Он позвонил в оркестр на радио и сказал, что не сможет пока играть с ними. А ведь деньги были ему нужны.
Он играл в театре, играл дома, ездил на репетиции с оркестром Чудецкого. Когда играл, ему было хорошо. Когда отдыхал и думал о своей игре, сидел мрачный. Репетировали в утренние часы в зале Дворца энергетиков. Оркестранты были люди молодые, Данилов пришелся бы им старшим братом, по вечерам они работали кто где, кто в театрах, в том числе и драматических, кто в Москонцерте, кто в ресторанных ансамблях. Все они были недовольны
Данилов почувствовал себя одиноким на сцене, да и на всем свете. Ему стало холодно, будто он без шапки и в плаще оказался на льдине в полярных водах, ветер сбивал его с ног, подталкивал к трещине, становившейся все шире и страшнее. Яма в театре представилась сейчас Данилову местом спасения. «Что я лезу-то в калашный ряд!» — отругал себя Данилов.
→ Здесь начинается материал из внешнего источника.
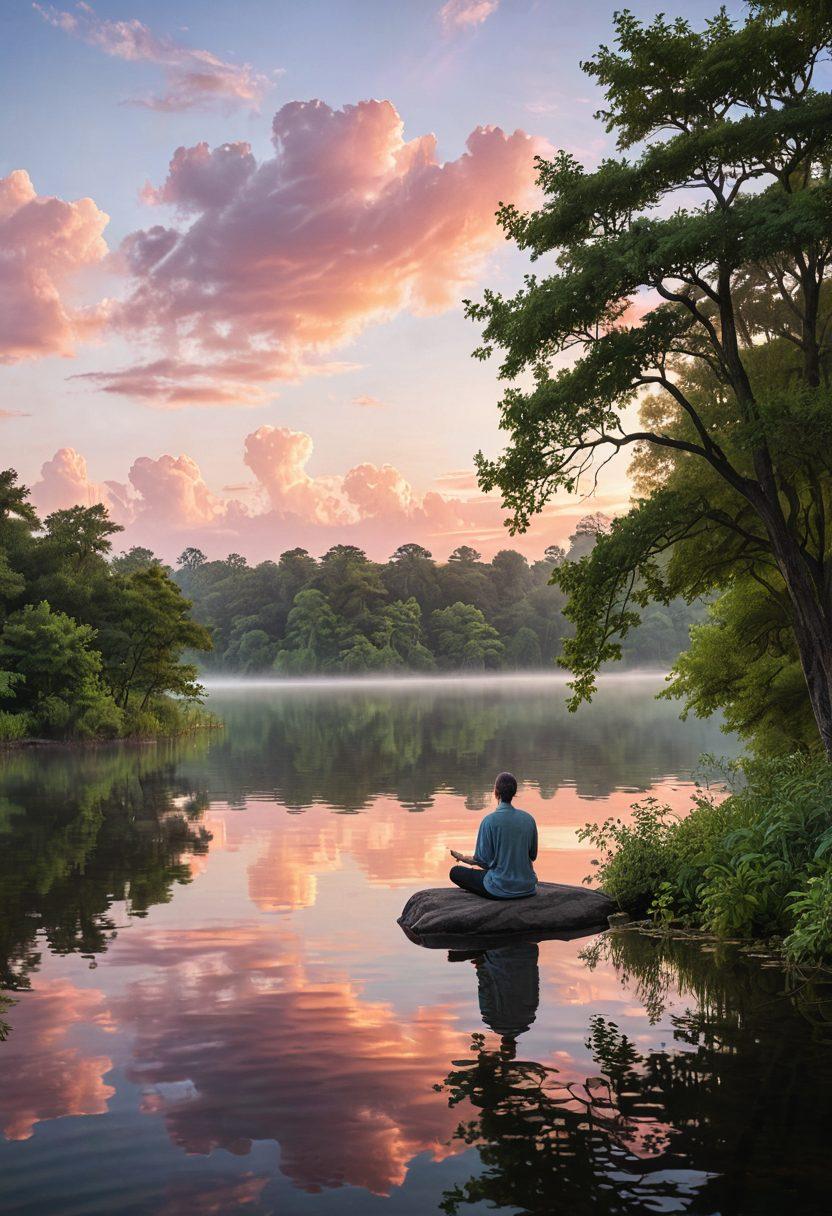 A serene landscape depicting a person meditating by a tranquil lake at sunrise, surrounded by lush green trees and soft pink clouds. The water reflects the vibrant colors of the sky, symbolizing inner peace and self-awareness. Include gentle ripples on the lake to illustrate calmness. super-realistic. vibrant colors. peaceful atmosphere.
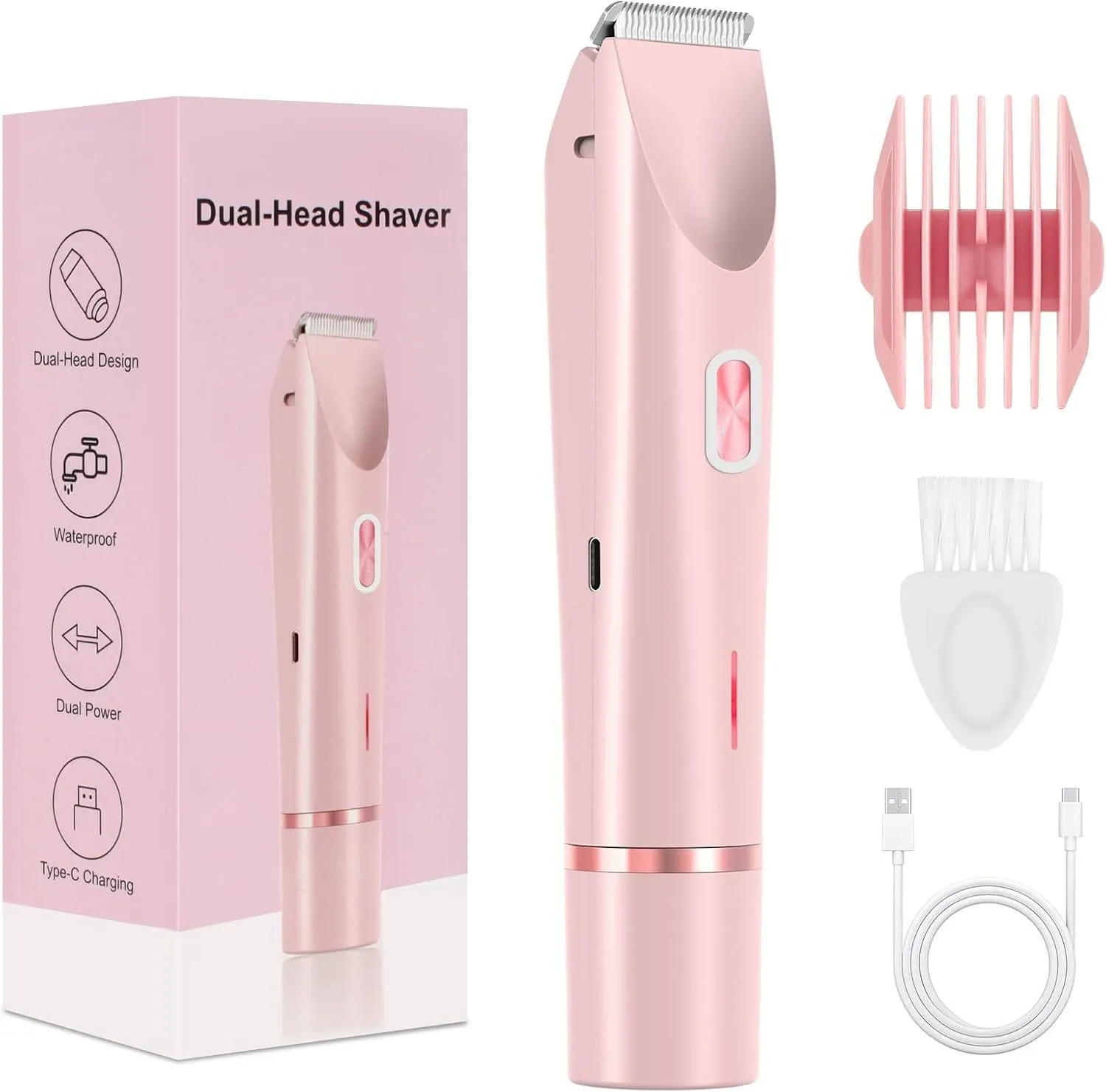 Women's Dual-Ended Hair Removal Device, Electric Hair Remover, Trimming Hair Clipper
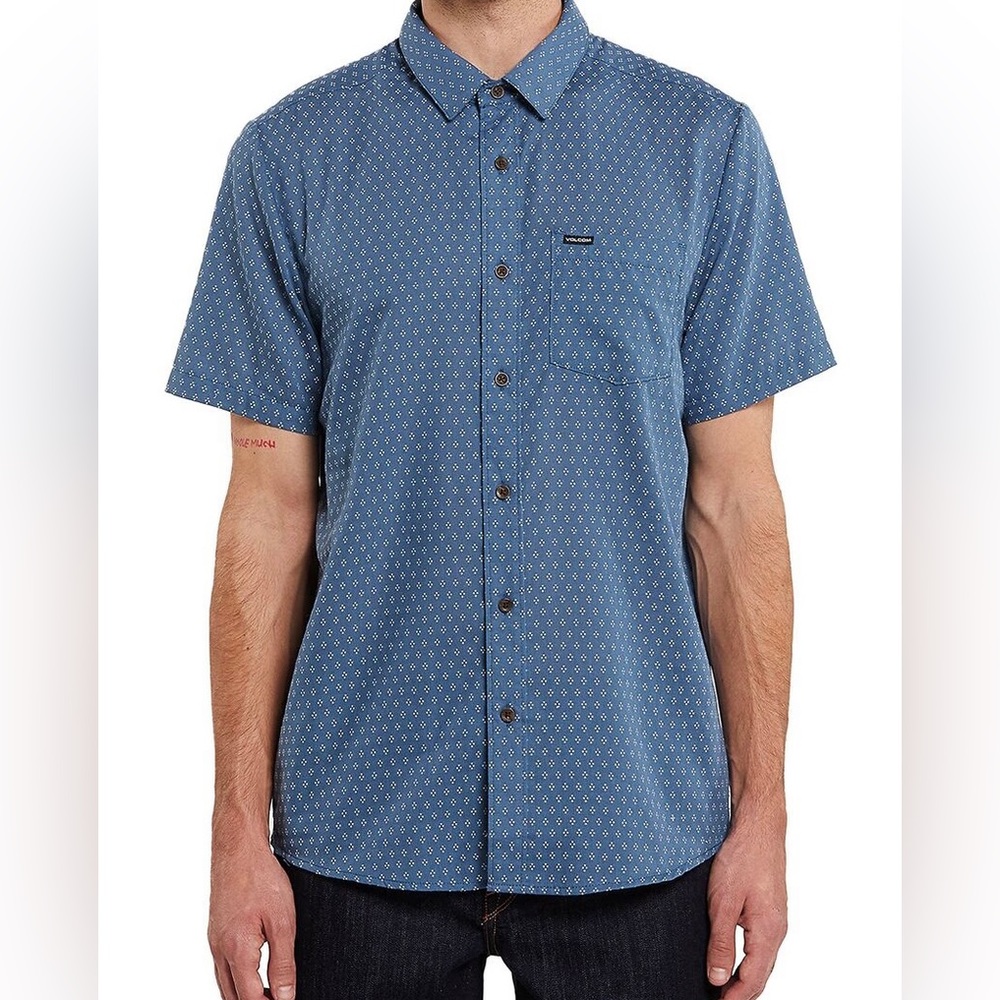 Volcom Milton Short-Sleeve Shirt Button Up Collared Boys Size Medium (12-14)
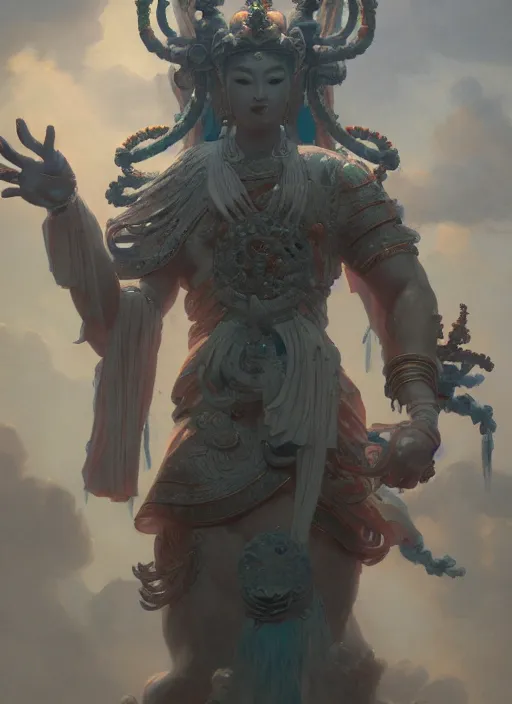 Image similar to Gigantic Deity with 8 arms, extremly detailed oil painting, in the style of Fenghua Zhong and Ruan Jia and Jeremy Lipking, rim light, beautiful lighting, 8k, stunning scene, raytracing, octane, trending on artstation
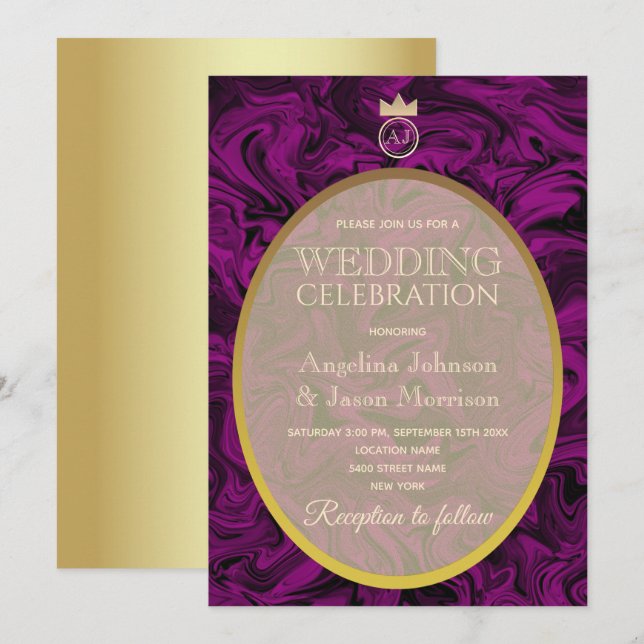 Convite Casamento Roxo Simples e Elegante (Frente/Verso)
Композитор Переслегин сказал ему: «Как будто бы ничего…» И все. Имел он в виду то ли игру Данилова, то ли свою музыку. То ли успокаивал Данилова, то ли успокаивал себя. Переслегин тут же ушел куда-то, и Данилов решил, что Переслегин им недоволен, но из деликатности говорить ему об этом, да и никому, не стал, ведь он сам отыскал именно Данилова, сам его смутил и подтолкнул к дерзости. «Да и когда автор был доволен исполнителем!» — сказал себе Данилов, однако ему не стало легче. Дирижер Чудецкий подошел к нему. Чудецкий был Данилову ровесник, манеры имел мягкие, выглядел скорее дипломатом, нежели дирижером. Но было в нем и нечто твердое, значительное, словно он уже получил звание, да и не заслуженного, а народного. Чудецкий вежливо высказал Данилову замечания, уточнил время новой репетиции и добавил: «Думаю, что симфония прозвучит…» Но как-то вяло добавил.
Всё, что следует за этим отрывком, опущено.